Vigée-Le Brun was born in 1755 to humble Parisian beginnings. She exhibited a gift for the arts from a young age, although she was rejected from formal training on the basis of her gender. Instead, the aspiring artist worked in a history painter’s atelier, took oil painting lessons, and visited the city’s most important galleries. By the 1770s, she was taking clients. By 1783, she had claimed one of the four seats reserved for women at the Academy, due to direct intervention from Queen Marie Antoinette, her most famous subject, and King Louis XVI.
Her dizzying, convention-breaking rise to fame was made possible by the rapidly changing world around her. She had a unique understanding of “the new style of modern individuals,” says Anne Higonnet, a professor at Barnard College. Vigée-Le Brun portrayed her sitters as glamorously natural and naturally glamorous, a talent Higonnet likens to “going to a super-intuitive stylist that will make you look perfect for Instagram.”
This gift for transformation—as well as Vigée-Le Brun’s more radical beliefs—were on display during the artist’s first Salon in 1783. In a departure from the structured courtly style, her submission Marie Antoinette in a Chemise Dress (1783) shows the queen in a loose-fitting muslin frock, hair unadorned, holding a rose. A self-proclaimed royalist, Vigée-Le Brun meant to reimagine royalty in accordance with modern, individualist aspirations toward authenticity, transparency, and natural virtue. To Vigée-Le Brun—and, indeed, to Marie Antoinette—the painting respected the ideas popularized by Enlightenment philosopher Jean-Jacques Rousseau, ideas upon which the 1789 French Revolution would be built.
To her contemporaries at the Salon, however, this styling was frivolous, inelegant, and inappropriate for a queen. “That was one of those collision courses that was bound to end in terrible accident,” explains Higonnet. “The Queen was attracted to everything that was pleasant and comfortable about being a modern individual, but she wanted to hang on to the prerogatives of being queen.” No one, Higonnet continues, wanted “to obey and pay taxes to a modern individual.” Vigée-Le Brun’s portrait was removed shortly after its unveiling, though its aesthetics would remain popular with the Queen and the aristocratic community.

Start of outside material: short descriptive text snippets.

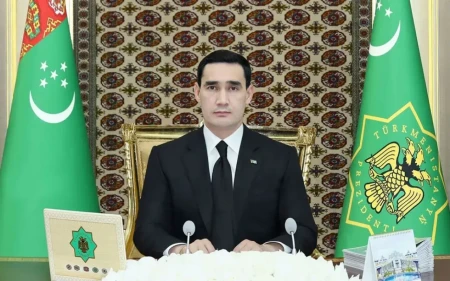 Berdiməhəmmədov Azərbaycana gələcək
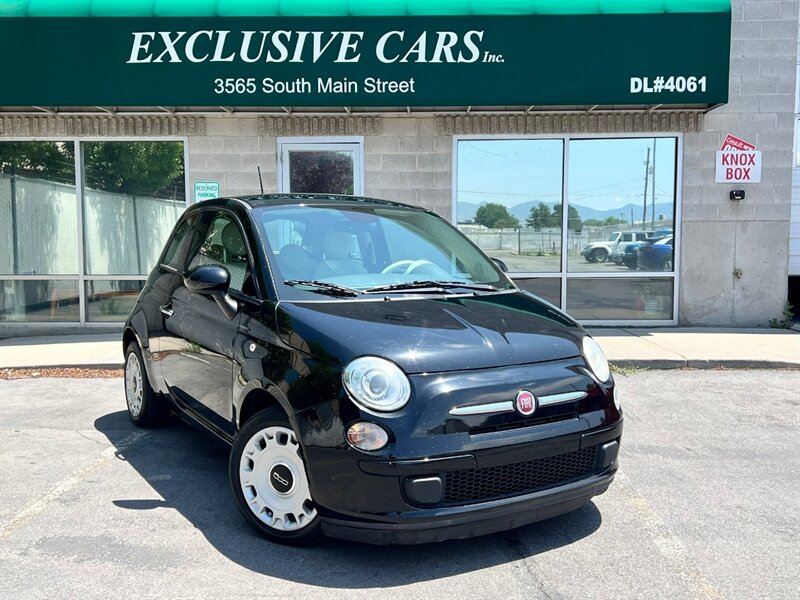 2015 FIAT 500 Pop  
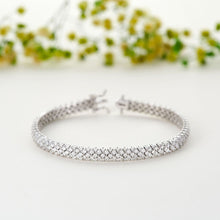 Load image into Gallery viewer, Diamond Bracelet - Jewelry
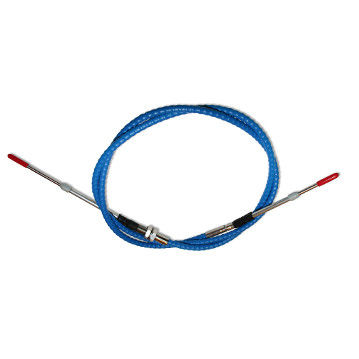 Phidix Blue Max Control Cable 3in Travel 4in Radius Hoogtemperatuur LDPE bedekt
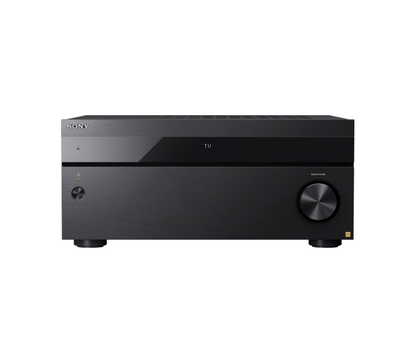 Sony BRAVIA 9 Mini LED TV Bundle with Sony STR-AZ7000ES ES 13.2 Channel 8K A/V Receiver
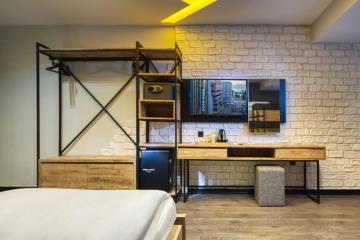 Отель Afflon Hotels Loft City Турция, Анталия, фото 5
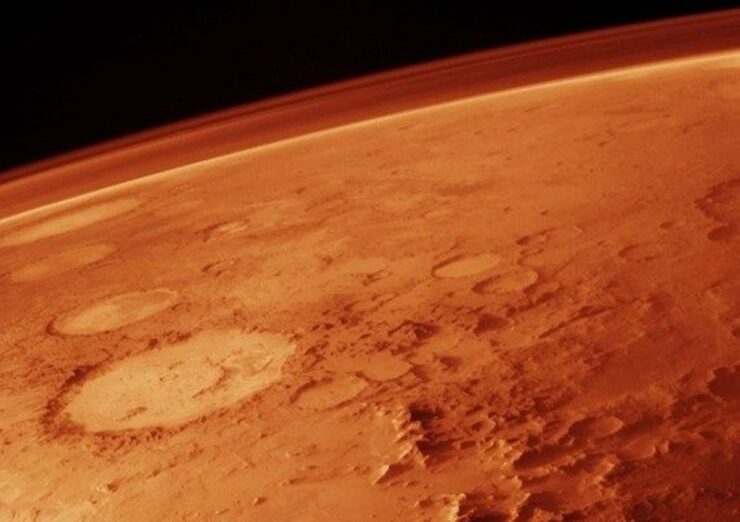 El aire de Marte podría convertirse en gasolina para cohetes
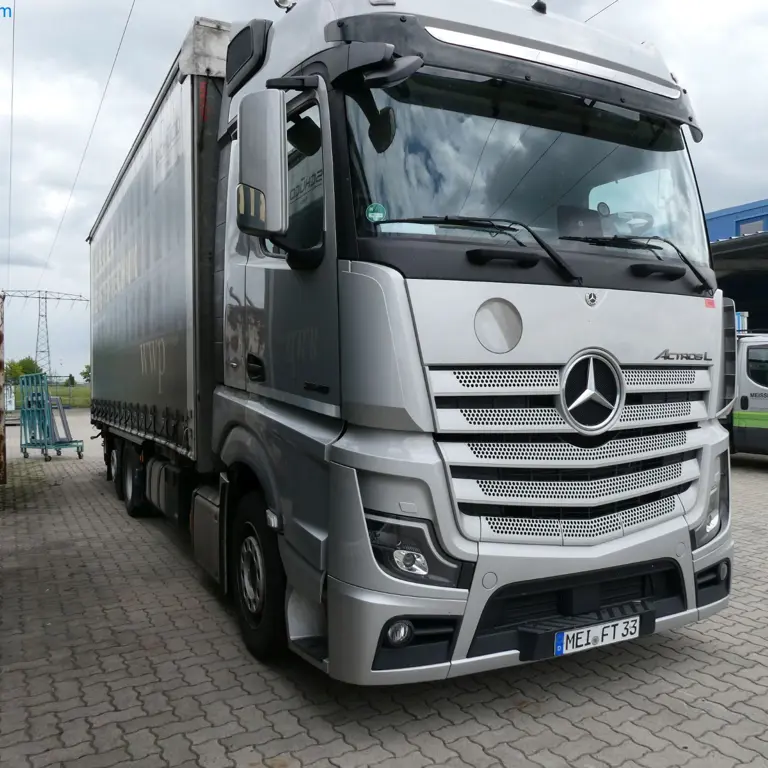 Ciężarówka Mercedes-Benz Actros L 2548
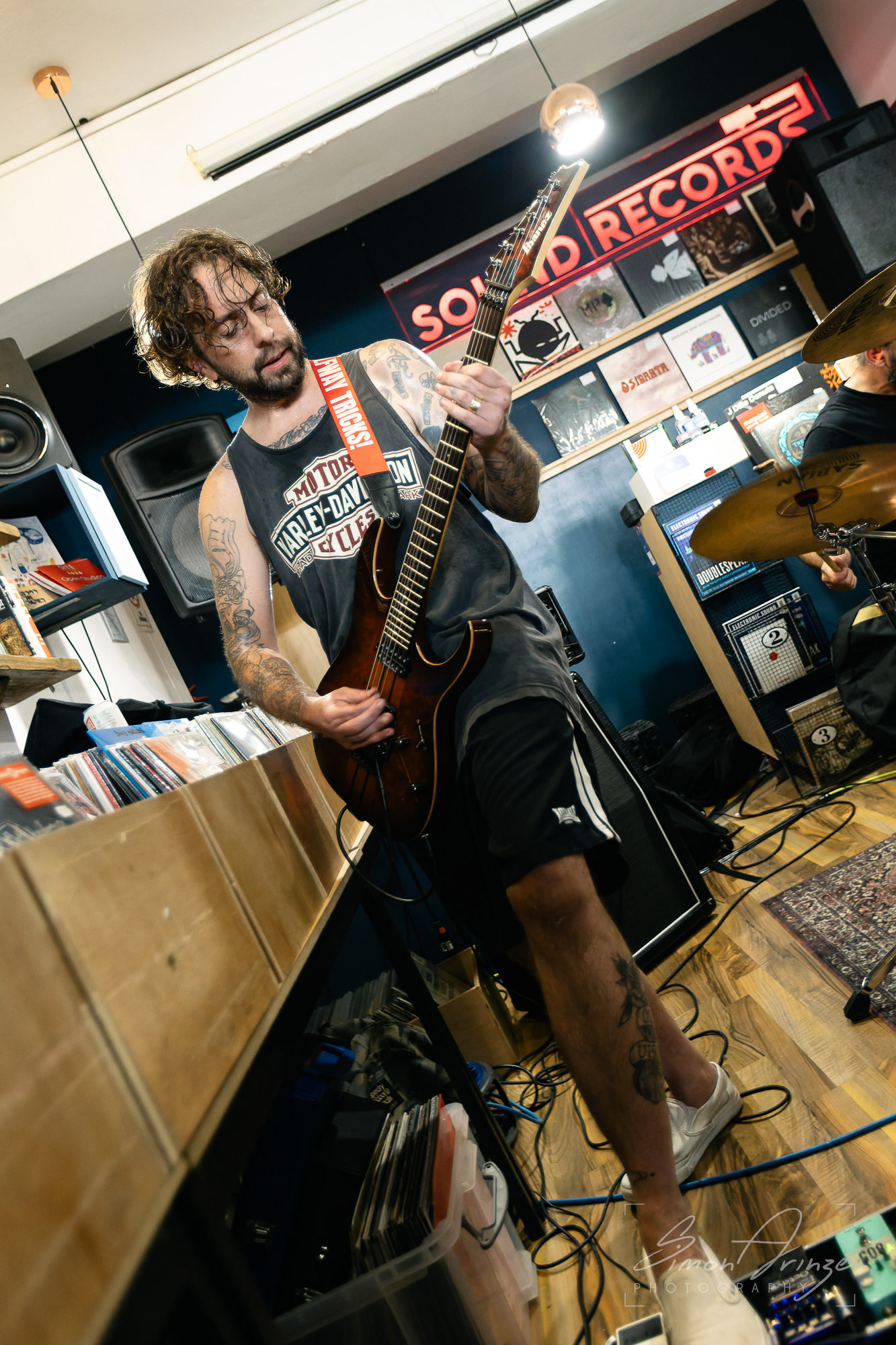 Unto The Ages - Sound Records, Stroud - 26/06/2026 - Simon Arinze Photography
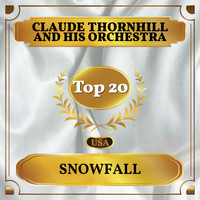 Claude Thornhill and His Orchestra - Snowfall (Billboard Hot 100 - No 20)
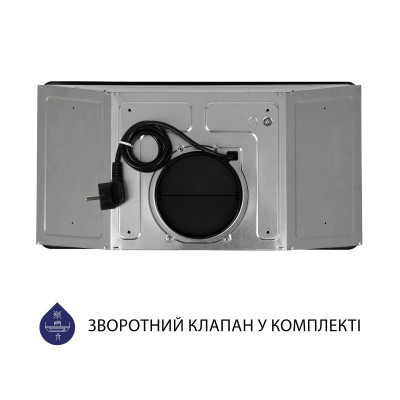 Витяжка кухонна Minola HBI 52022 BL 700 LED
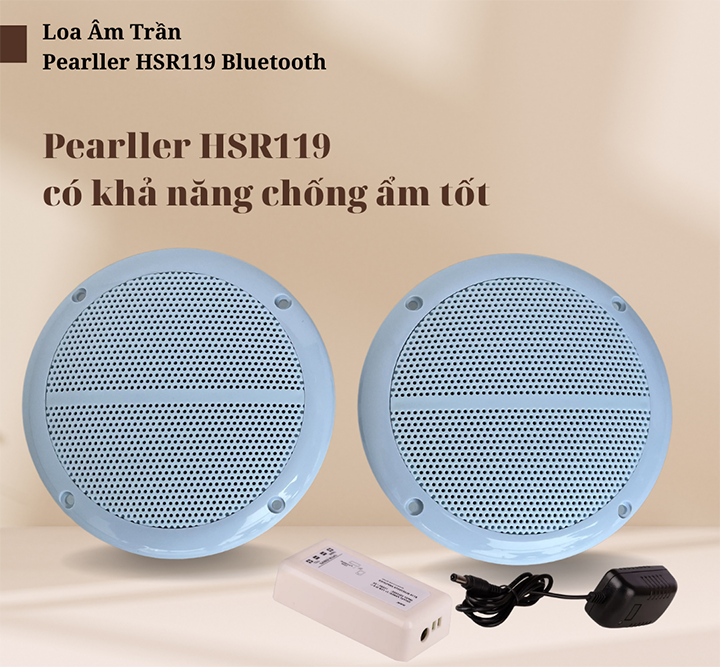 loa am tran pearller Pearller HSR119 Bluetooth (2)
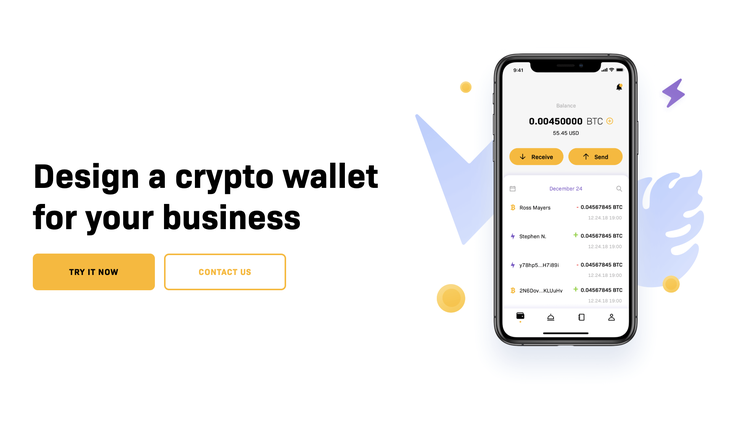 Bitfury Rolls Out White-Label Bitcoin Wallet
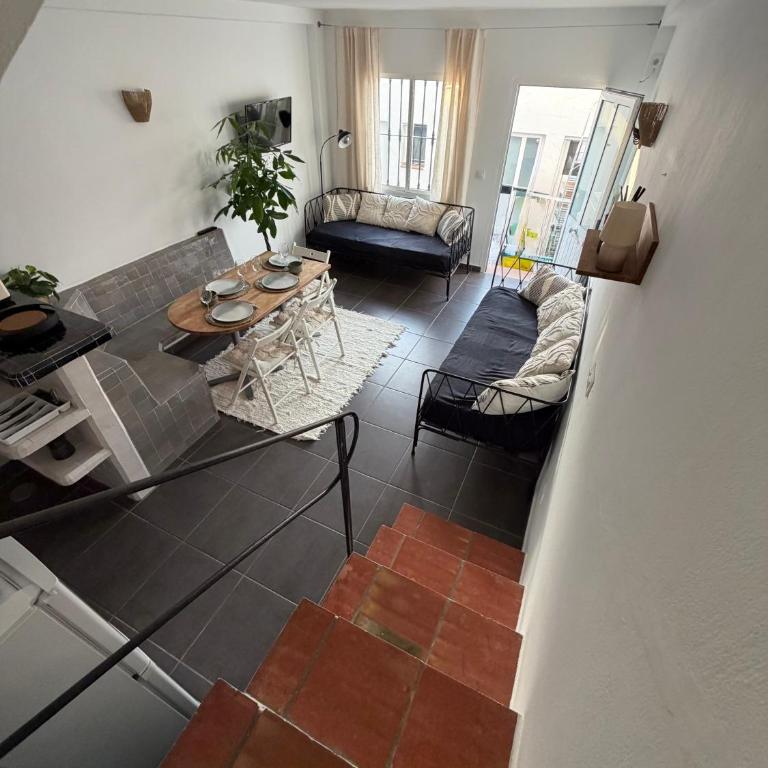 Almas - Triplex vue mer à Tarifa centre - Apartamento de 2 dormitorios - 15
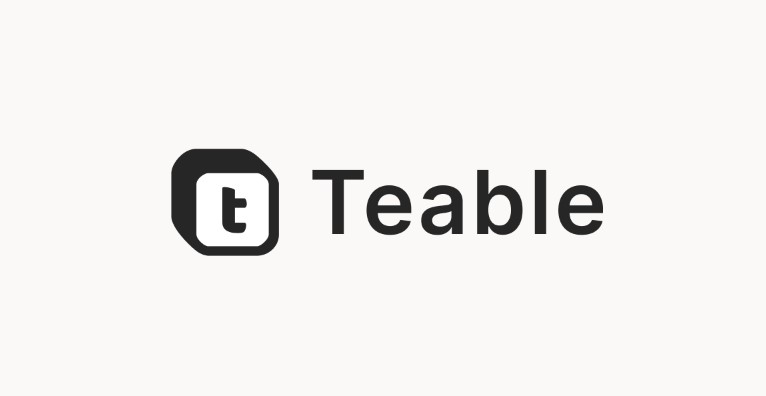  Get 10% Off Teable with Code 10OFF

Critics also pilloried Vigée-Le Brun for her very presence in the 1783 Salon. The newsletter Mémoires Secrets rumored that “she does not paint her own pictures, that she does not finish them at least, & that an artist who is in love with her (M. Ménageot) assists her.” For many, it was impossible to believe that a woman could—or would—display her professional achievements so publicly as in the Salon.
Scathing as it was, this review in Mémoires Secrets actually points to one of the profound contradictions of Vigée-Le Brun’s work. By professionalizing and publicizing her talent, Vigée-Le Brun was actually breaching the Rousseauian ideas that she championed. As Higonnet puts it, Rousseau was “very conservative” toward women, despite his efforts to liberate mankind. Both parents, the French philosopher wrote, were necessary for the stable rearing of a child—but a woman’s role was purely domestic. It did not extend beyond the crucial bearing, nurturing, and nourishing of offspring.
“Rousseau had a bunch of ideas, which he wanted to bundle together, and Vigée-Le Brun wanted to pick and choose: the mother-child relationship or the rights of the individual, for instance,” Higonnet says. “Vigée-Le Brun reasoned that the rights of man must logically include the rights of women. She out-Rousseaued Rousseau.”
For this, she believes that Vigée-Le Brun deserves recognition as a key painter of 18th-century France—or maybe something more. “Her move into the public domain was so radical for a woman,” Higonnet says, “that, in a way, she was the most radical painter of the period.”